§ Aim of the exercise
Transcribe the data verbatim and drop its images.

§ Collected material
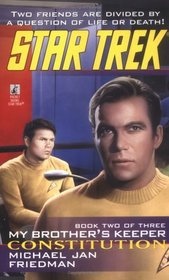 Constitution (Star Trek: My Brother's Keeper, Book 2)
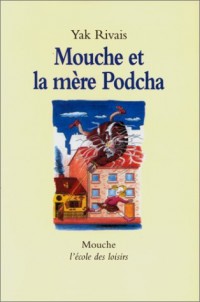 Mouche et la mere podcha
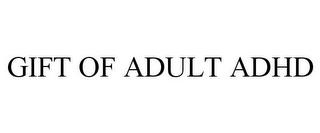 GIFT OF ADULT ADHD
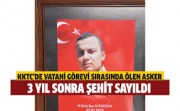 Kumartaşlı; Hukuk mücadelesiyle 3 yıl sonra şehit sayıldı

§ Response to the exercise
 Constitution (Star Trek: My Brother's Keeper, Book 2)
 Mouche et la mere podcha
 GIFT OF ADULT ADHD
 Kumartaşlı; Hukuk mücadelesiyle 3 yıl sonra şehit sayıldı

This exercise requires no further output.